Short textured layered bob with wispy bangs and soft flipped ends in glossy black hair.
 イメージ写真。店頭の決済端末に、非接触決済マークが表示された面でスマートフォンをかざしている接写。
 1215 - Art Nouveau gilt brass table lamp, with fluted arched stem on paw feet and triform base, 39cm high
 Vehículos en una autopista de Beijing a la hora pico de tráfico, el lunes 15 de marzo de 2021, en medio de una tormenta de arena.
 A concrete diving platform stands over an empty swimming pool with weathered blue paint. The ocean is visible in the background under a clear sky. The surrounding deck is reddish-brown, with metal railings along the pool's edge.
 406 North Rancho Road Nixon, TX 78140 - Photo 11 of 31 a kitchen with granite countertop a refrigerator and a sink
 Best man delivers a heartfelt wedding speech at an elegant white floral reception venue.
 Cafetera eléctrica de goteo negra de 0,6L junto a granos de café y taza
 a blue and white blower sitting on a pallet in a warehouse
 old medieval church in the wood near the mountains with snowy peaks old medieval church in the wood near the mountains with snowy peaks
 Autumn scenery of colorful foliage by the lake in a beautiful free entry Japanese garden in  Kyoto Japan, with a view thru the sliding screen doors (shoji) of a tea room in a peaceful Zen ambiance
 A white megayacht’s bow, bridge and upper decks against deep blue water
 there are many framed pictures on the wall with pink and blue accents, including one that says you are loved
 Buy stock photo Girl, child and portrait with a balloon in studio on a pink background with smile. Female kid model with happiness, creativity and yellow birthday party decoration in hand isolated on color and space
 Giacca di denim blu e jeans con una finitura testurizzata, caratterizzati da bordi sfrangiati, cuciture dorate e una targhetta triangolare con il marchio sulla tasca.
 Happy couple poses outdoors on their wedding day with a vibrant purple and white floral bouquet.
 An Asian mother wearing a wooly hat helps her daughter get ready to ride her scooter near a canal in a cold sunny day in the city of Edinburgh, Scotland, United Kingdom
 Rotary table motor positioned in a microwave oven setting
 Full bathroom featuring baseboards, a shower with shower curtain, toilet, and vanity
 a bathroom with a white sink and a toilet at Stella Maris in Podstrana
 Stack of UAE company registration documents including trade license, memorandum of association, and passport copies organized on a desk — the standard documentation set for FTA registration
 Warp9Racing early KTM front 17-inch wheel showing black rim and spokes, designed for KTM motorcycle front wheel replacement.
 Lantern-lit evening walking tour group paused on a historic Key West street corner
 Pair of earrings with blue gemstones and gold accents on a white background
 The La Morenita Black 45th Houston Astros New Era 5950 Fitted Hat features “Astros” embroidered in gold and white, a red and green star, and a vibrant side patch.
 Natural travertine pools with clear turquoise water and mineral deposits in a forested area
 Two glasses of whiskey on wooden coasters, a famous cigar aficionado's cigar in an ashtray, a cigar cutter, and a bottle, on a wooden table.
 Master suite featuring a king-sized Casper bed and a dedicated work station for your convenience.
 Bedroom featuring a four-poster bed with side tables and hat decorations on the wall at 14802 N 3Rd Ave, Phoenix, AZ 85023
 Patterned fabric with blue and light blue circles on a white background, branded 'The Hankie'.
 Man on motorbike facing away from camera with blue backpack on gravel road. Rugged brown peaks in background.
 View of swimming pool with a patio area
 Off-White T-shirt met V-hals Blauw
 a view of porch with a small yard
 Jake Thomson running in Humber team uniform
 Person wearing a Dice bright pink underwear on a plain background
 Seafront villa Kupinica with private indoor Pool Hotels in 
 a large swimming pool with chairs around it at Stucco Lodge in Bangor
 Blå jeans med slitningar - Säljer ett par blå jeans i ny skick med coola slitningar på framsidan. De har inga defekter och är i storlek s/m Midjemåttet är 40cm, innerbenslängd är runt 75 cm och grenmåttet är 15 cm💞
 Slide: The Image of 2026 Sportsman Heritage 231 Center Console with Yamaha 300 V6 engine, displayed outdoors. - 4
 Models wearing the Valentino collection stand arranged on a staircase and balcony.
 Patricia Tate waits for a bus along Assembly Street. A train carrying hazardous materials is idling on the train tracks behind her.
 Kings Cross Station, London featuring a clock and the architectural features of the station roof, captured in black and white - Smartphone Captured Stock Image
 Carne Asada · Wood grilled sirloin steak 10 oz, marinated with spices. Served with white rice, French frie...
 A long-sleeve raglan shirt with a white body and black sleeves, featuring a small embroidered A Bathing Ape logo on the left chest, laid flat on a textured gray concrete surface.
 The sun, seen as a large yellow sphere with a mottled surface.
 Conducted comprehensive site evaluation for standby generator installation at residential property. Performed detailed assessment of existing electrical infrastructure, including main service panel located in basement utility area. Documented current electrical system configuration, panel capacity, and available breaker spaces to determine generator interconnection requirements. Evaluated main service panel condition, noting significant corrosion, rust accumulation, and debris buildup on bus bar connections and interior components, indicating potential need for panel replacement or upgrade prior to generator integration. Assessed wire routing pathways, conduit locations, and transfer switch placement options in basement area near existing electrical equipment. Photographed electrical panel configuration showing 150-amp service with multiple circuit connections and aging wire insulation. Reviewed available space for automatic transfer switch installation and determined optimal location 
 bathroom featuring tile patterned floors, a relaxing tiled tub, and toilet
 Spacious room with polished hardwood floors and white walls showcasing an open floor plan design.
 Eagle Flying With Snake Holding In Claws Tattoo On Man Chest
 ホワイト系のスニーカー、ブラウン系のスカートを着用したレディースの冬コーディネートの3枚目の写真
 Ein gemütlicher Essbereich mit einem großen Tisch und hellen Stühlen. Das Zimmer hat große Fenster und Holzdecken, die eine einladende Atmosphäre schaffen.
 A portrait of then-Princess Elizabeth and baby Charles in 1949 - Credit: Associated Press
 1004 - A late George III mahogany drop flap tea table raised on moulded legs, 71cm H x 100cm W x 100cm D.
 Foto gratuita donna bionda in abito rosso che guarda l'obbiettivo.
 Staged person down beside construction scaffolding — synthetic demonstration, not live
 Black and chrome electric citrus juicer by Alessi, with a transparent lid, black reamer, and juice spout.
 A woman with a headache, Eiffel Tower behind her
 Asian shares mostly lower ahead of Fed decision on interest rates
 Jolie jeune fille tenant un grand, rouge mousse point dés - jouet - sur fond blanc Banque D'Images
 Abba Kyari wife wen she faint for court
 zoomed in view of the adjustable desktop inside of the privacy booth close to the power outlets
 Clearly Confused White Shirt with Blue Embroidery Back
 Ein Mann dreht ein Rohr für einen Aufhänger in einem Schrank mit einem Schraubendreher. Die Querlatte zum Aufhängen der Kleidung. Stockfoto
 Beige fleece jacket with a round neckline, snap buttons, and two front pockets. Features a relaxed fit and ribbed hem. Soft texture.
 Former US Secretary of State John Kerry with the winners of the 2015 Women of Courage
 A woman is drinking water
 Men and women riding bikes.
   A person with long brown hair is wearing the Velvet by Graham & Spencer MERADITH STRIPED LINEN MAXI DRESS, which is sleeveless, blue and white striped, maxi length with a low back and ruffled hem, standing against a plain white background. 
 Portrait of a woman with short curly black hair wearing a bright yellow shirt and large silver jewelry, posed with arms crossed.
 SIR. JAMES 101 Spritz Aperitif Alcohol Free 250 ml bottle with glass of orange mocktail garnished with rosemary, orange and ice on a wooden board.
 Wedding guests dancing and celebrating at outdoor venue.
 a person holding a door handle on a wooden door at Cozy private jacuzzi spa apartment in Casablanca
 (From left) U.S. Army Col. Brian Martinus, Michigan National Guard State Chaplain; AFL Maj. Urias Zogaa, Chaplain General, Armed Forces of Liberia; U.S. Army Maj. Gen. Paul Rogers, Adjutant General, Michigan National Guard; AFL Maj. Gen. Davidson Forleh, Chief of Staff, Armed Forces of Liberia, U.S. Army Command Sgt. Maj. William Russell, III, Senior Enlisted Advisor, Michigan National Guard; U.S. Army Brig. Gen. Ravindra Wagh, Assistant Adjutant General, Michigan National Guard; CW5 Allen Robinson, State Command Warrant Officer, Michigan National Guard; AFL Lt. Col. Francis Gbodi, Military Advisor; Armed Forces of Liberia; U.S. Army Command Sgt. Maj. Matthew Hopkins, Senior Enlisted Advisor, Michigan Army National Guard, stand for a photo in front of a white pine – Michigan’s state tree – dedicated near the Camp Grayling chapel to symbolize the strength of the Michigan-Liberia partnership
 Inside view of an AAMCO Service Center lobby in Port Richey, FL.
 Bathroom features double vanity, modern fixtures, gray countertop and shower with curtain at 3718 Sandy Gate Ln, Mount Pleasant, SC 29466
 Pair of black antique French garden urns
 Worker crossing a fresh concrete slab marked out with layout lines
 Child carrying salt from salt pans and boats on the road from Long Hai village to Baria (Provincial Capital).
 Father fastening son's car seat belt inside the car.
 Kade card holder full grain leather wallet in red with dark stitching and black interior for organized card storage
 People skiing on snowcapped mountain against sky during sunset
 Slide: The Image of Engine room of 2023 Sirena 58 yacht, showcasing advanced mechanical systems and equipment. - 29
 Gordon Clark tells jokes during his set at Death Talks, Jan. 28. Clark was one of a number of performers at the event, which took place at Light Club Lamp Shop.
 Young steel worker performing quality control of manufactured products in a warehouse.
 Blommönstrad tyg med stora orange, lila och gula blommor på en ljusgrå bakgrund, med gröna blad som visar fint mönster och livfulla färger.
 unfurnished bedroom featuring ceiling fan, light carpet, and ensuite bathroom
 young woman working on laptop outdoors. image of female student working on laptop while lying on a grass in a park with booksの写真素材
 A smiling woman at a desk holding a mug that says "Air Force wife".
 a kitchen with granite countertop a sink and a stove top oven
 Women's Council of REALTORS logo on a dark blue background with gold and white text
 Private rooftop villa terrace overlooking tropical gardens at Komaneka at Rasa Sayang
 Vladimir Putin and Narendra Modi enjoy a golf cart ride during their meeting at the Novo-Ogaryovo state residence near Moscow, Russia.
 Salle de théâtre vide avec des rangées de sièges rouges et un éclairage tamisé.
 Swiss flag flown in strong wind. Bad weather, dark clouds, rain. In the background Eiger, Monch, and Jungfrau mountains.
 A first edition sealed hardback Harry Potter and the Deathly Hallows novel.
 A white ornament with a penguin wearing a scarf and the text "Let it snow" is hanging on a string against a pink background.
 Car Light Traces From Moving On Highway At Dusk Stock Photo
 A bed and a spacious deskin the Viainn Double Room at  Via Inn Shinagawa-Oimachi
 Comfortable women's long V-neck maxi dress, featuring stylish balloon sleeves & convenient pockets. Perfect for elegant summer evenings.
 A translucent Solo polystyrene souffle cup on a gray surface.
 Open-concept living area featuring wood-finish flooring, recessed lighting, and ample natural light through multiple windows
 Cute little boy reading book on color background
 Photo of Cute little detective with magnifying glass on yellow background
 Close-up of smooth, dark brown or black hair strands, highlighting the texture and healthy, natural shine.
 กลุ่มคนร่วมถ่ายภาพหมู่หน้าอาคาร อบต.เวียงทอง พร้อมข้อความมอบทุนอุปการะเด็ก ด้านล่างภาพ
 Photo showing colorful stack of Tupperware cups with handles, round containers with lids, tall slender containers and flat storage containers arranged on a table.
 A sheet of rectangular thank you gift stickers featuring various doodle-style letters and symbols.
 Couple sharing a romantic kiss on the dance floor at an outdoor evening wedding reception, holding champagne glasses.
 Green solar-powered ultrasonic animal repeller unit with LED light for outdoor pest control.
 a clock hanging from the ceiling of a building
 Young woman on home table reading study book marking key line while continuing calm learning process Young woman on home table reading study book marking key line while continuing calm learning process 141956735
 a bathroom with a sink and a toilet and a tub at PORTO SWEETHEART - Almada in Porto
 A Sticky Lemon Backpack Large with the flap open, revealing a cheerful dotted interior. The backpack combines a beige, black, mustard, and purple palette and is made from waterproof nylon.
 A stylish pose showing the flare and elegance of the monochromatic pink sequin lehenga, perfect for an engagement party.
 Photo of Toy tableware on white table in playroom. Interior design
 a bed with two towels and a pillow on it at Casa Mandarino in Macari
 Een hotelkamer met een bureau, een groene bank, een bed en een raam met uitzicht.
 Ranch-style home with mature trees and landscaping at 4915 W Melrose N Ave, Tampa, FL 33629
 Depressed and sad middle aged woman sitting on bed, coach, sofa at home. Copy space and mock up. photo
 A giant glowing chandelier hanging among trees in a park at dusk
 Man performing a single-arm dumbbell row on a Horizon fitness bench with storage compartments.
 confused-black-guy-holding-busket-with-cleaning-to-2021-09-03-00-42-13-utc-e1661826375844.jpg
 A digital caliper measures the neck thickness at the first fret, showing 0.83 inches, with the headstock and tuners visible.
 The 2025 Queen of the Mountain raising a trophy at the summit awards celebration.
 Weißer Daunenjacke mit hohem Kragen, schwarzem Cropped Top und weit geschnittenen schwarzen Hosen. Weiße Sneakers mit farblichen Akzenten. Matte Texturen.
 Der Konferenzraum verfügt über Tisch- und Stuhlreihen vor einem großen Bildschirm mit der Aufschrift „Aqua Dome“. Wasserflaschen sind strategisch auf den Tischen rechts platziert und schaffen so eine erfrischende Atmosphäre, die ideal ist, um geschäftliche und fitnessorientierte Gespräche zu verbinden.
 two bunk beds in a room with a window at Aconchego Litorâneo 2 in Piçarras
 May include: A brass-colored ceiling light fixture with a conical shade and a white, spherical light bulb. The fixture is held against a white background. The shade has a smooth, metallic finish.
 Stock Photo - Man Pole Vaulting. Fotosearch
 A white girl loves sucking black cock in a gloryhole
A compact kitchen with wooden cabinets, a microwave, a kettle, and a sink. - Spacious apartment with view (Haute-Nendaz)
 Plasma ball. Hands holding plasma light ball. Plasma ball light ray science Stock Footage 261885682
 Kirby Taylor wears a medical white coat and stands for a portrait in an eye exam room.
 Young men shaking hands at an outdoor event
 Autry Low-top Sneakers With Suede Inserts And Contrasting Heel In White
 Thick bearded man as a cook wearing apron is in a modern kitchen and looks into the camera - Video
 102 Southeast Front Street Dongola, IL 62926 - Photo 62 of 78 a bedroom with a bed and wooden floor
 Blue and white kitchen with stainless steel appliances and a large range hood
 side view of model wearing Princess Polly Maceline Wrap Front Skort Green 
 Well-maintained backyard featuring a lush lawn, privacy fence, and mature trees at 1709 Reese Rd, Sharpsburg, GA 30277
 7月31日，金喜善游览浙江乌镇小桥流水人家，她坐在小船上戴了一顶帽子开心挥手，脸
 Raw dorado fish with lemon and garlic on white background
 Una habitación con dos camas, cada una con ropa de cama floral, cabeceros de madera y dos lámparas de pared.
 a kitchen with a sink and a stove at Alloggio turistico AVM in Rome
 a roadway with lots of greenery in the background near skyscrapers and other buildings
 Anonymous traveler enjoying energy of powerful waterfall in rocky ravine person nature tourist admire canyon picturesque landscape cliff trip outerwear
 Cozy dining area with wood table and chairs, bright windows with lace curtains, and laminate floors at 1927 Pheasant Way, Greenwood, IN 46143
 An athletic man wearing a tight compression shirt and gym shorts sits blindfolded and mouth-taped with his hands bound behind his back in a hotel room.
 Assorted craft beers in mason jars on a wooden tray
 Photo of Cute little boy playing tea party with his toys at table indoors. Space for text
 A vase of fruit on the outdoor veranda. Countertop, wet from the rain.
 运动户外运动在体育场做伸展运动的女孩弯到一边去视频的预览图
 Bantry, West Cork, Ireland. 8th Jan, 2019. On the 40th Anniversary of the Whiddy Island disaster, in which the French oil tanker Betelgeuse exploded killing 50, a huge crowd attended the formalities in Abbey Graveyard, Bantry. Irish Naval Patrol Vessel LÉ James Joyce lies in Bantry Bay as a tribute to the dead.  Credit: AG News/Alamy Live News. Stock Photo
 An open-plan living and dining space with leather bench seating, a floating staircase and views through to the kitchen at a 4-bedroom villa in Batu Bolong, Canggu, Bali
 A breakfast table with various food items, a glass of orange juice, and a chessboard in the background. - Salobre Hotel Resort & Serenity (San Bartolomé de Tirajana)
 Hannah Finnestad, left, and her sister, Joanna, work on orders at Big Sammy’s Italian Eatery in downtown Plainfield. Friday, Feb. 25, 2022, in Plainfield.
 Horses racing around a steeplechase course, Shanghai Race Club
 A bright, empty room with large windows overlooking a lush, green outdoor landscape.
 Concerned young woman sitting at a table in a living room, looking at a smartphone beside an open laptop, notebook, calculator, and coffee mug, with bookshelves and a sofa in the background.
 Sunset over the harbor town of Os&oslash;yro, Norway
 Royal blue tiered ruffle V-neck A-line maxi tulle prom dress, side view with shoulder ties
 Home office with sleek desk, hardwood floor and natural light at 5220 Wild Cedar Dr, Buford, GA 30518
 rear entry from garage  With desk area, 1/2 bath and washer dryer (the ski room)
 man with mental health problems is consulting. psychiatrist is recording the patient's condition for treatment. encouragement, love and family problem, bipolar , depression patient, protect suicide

══════════════════════════════

Look through the entries above, find each line containing "chairs", and copy it.

• **Output of the task**
 a large swimming pool with chairs around it at Stucco Lodge in Bangor
 Cozy dining area with wood table and chairs, bright windows with lace curtains, and laminate floors at 1927 Pheasant Way, Greenwood, IN 46143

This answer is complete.